From: Marcelo Tosatti <mtosatti@redhat.com>
To: kvm@vger.kernel.org
Cc: johnstul@us.ibm.com, jeremy@goop.org, glommer@parallels.com,
zamsden@gmail.com, gleb@redhat.com, avi@redhat.com,
pbonzini@redhat.com, Marcelo Tosatti <mtosatti@redhat.com>
Subject: [patch 08/16] KVM: x86: introduce facility to support vsyscall pvclock, via MSR
Date: Wed, 31 Oct 2012 20:47:04 -0200 [thread overview]
Message-ID: <20121031224824.199331603@redhat.com> (raw)
In-Reply-To: 20121031224656.417434866@redhat.com
[-- Attachment #1: 11-host-add-userspace-time-msr --]
[-- Type: text/plain, Size: 9580 bytes --]
Allow a guest to register a second location for the VCPU time info
structure for each vcpu (as described by MSR_KVM_SYSTEM_TIME_NEW).
This is intended to allow the guest kernel to map this information
into a usermode accessible page, so that usermode can efficiently
calculate system time from the TSC without having to make a syscall.
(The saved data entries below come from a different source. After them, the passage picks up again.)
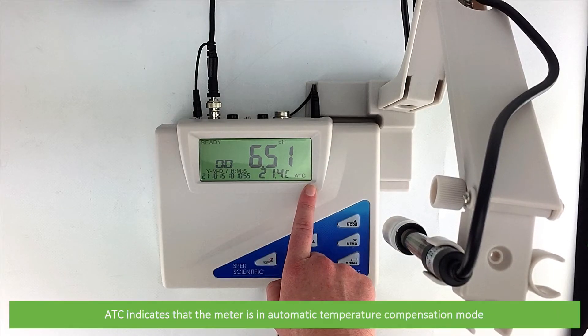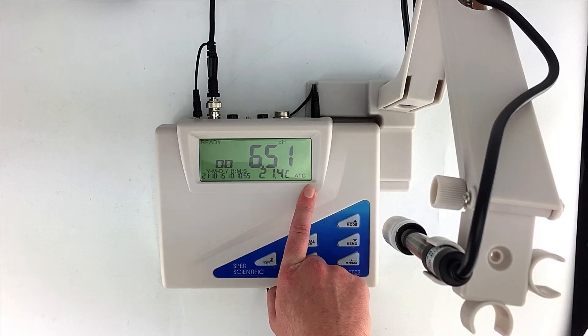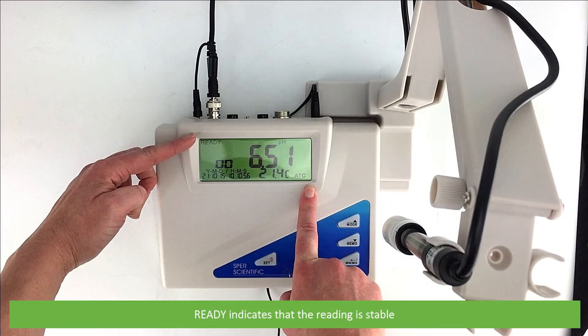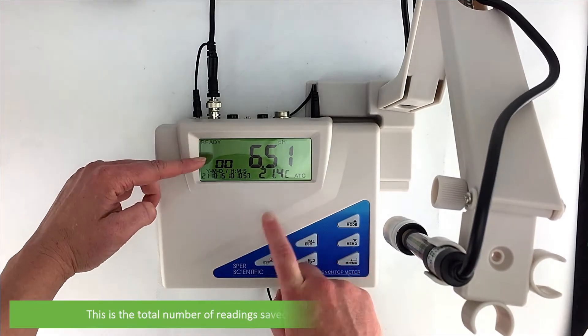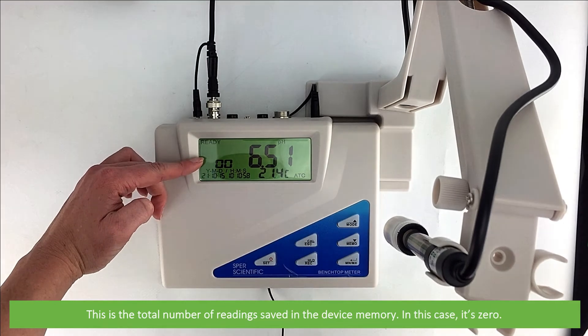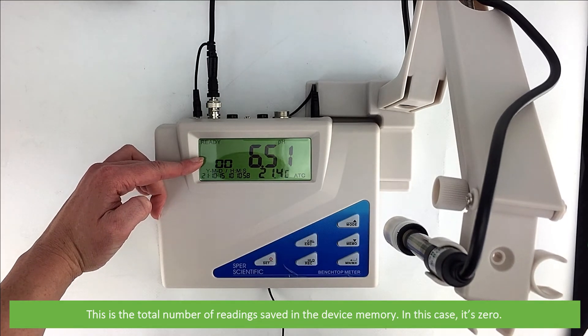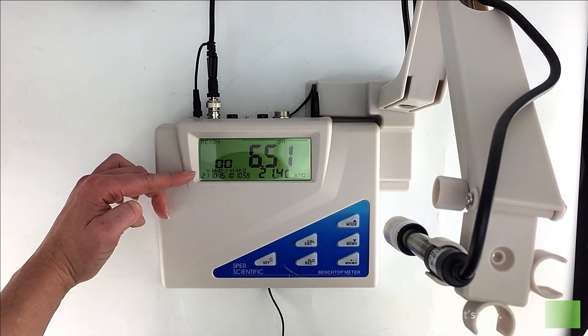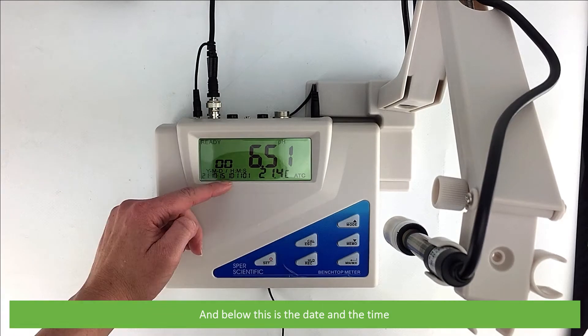ATC indicates that the meter is in automatic temperature compensation mode. Ready indicates that the reading is stable. This is the total number of readings saved in the device memory, in this case zero, and below this is the date and time.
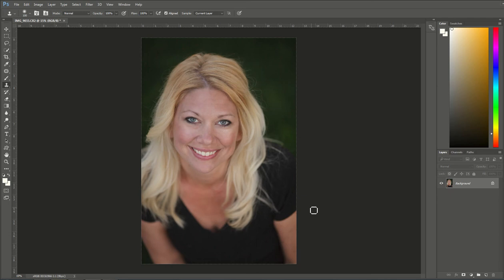Hi everyone, it's Emily with CozyClicks and I'm going to show you how to remove dark circles or bags from under the eyes while working with portraits in Photoshop. This is a picture of me — I chose myself so I don't offend anybody, and so that I look a couple years younger today. Let's get started.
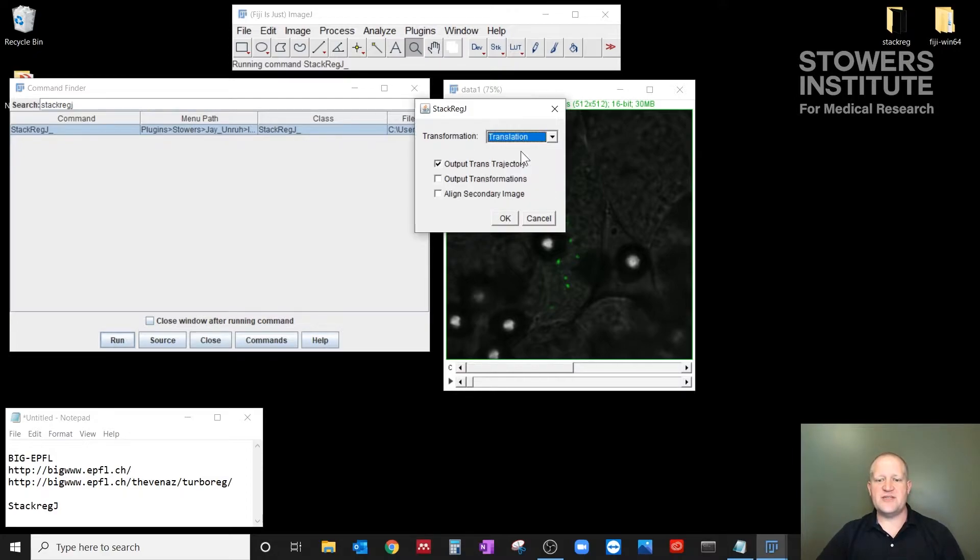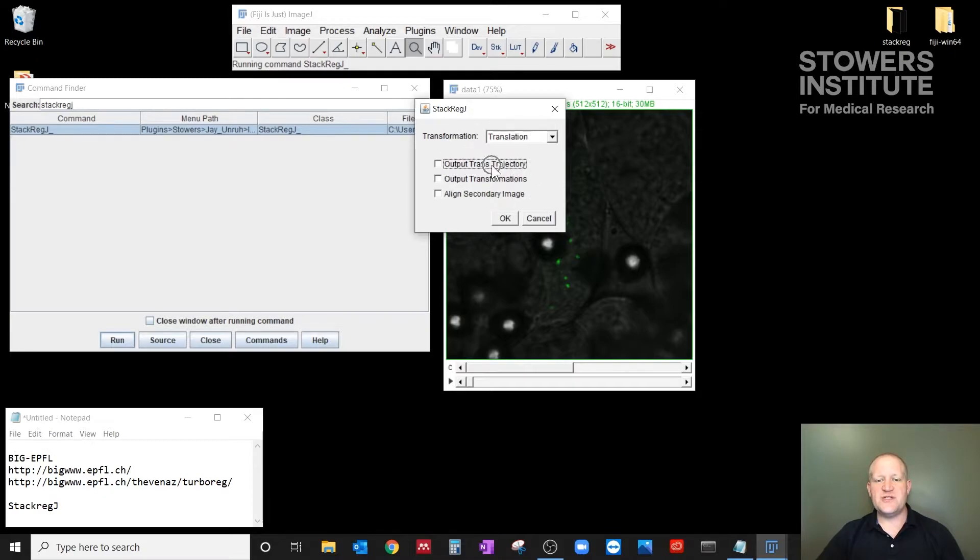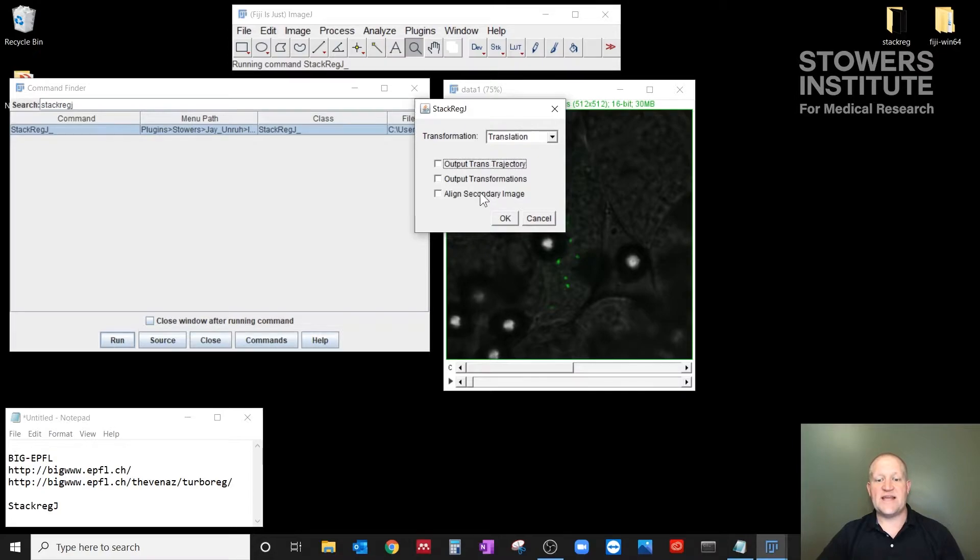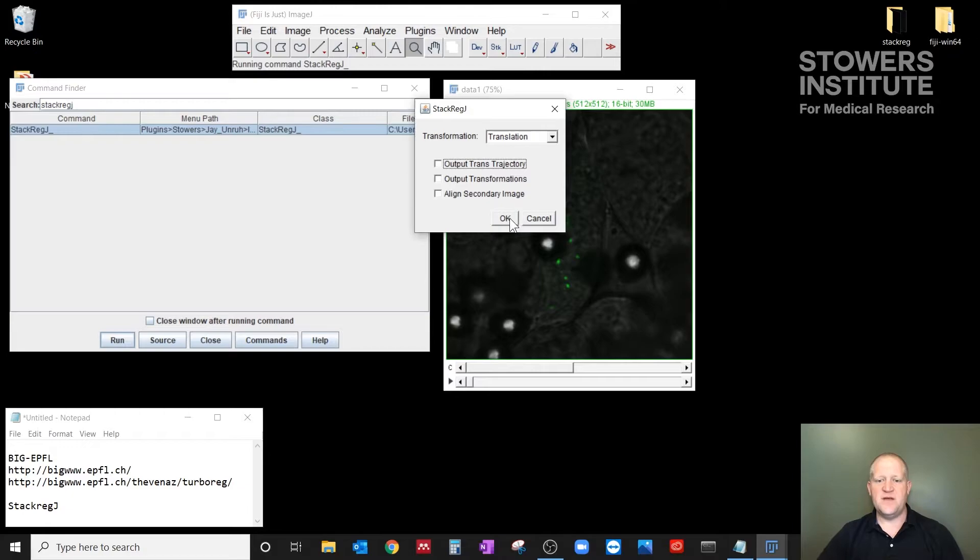So select translation, and then I like to unselect the rest of these options because I don't have a secondary image. But what this will do is the translation trajectory will output a plot window in which you can then align a secondary movie using a different plugin. So we're going to leave these off for now, and then maybe in a later video we can show those methods.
Signed-off-by: Marcelo Tosatti <mtosatti@redhat.com>
Index: vsyscall/arch/x86/include/asm/kvm_para.h
===================================================================
--- vsyscall.orig/arch/x86/include/asm/kvm_para.h
+++ vsyscall/arch/x86/include/asm/kvm_para.h
@@ -23,6 +23,7 @@
#define KVM_FEATURE_ASYNC_PF 4
#define KVM_FEATURE_STEAL_TIME 5
#define KVM_FEATURE_PV_EOI 6
+#define KVM_FEATURE_USERSPACE_CLOCKSOURCE 7
/* The last 8 bits are used to indicate how to interpret the flags field
* in pvclock structure. If no bits are set, all flags are ignored.
@@ -39,6 +40,7 @@
#define MSR_KVM_ASYNC_PF_EN 0x4b564d02
#define MSR_KVM_STEAL_TIME 0x4b564d03
#define MSR_KVM_PV_EOI_EN 0x4b564d04
+#define MSR_KVM_USERSPACE_TIME 0x4b564d05
struct kvm_steal_time {
__u64 steal;
Index: vsyscall/Documentation/virtual/kvm/msr.txt
===================================================================
--- vsyscall.orig/Documentation/virtual/kvm/msr.txt
+++ vsyscall/Documentation/virtual/kvm/msr.txt
@@ -125,6 +125,22 @@ MSR_KVM_SYSTEM_TIME_NEW: 0x4b564d01
Availability of this MSR must be checked via bit 3 in 0x4000001 cpuid
leaf prior to usage.
+MSR_KVM_USERSPACE_TIME: 0x4b564d05
+
+Allow a guest to register a second location for the VCPU time info
+structure for each vcpu (as described by MSR_KVM_SYSTEM_TIME_NEW).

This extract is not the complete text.